Print the records below exactly, from the line containing "Completo calcio Liverpool" down to the line containing "Drawing - The Last Of Us - Majica", both lines included, and omit every picture.

### Data extracts
+ + + + + + +

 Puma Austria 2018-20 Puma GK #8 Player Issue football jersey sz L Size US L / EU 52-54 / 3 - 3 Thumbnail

+ + + + + + +

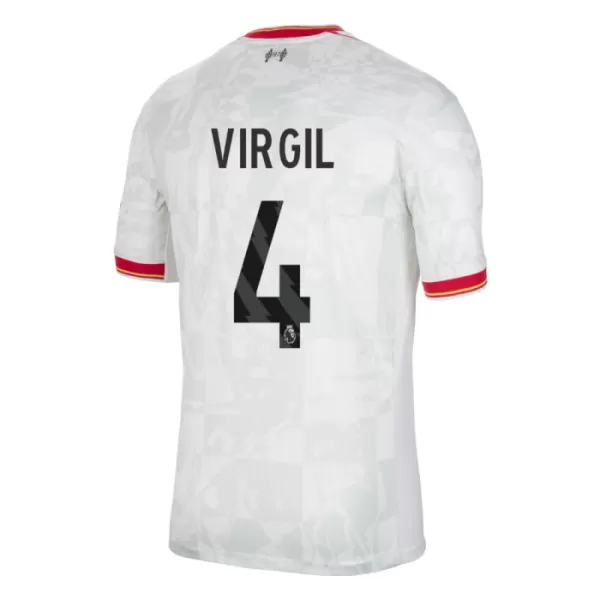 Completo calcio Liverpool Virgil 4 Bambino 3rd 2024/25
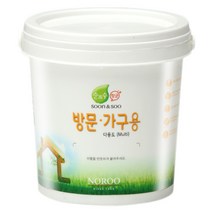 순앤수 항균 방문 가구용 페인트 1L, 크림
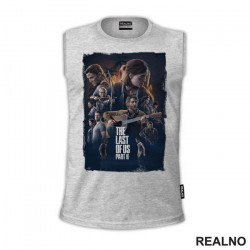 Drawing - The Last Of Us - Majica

+ + + + + + +

### Answer box
 Completo calcio Liverpool Virgil 4 Bambino 3rd 2024/25
 순앤수 항균 방문 가구용 페인트 1L, 크림
 Drawing - The Last Of Us - Majica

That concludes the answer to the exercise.